Esther Robins was born Esther Manolson on September 13, 1933 in Calgary. She was a granddaughter of pioneers who settled there at the turn of the century. She graduated from the Calgary Holy Cross Hospital Nursing Program with an R.N. in 1955.
In 1976 Dr. Robins was diagnosed with cancer and experienced numerous recurrences and remissions of the disease. After completing treatment for her second recurrence she searched for a way to assist cancer patients who needed help in coping with the disease.
She heard of an American program called CanSurmount, a volunteer help program in which a specially trained, cured or controlled Cancer patient visits with one who is having difficulty in dealing with the disease. Esther Robins travelled to Denver, Colorado in 1978 to participate in the CanSurmount training course. Returning to Calgary, she began the first Canadian CanSurmount program at the Foothills Hospital. Under her direction the program moved into other local hospitals, then spread throughout Alberta and into eight provinces across Canada.

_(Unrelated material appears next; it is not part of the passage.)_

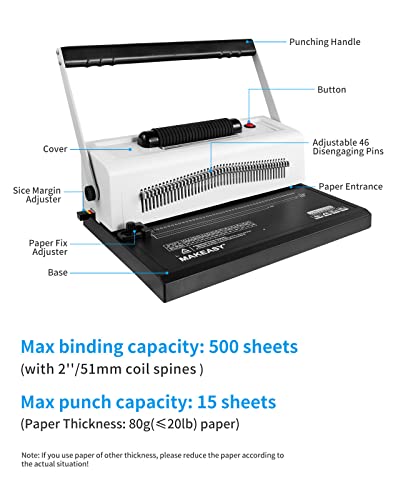 Makeasy Spiral Coil Binding Machine For Ltr/A4 - Disengaging Pins - 4 To 1 Pitch - 20 Sheet Punch Capacity - Electric Coil Inserter - Adjustable Side Margin, With Free 100Pcs Coil Spines & Crimper #TOP5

As Coordinator of Alberta and Canada CanSurmount, Esther Robins criss-crossed the country many times explaining the program, training CanSurmount volunteers and their local coordinators in new locations, negotiating with hospital administrators and others to set up the necessary institutional support, giving inservice seminars and workshops to inform and gain support from health care professionals and others, helping to solve problems, and providing ongoing support for each fledgling group.
She was an effective leader who worked solely as a volunteer, making presentations to introduce the program, training volunteer visitors and making visits herself. Despite her own recurring illness and despite institutional red tape, her determination and faith in the program created rewarding successes.
In 1984, Esther Robins was responsible for two videotapes produced by the University of Calgary Departments of Medicine and Education and the Canadian Cancer Society.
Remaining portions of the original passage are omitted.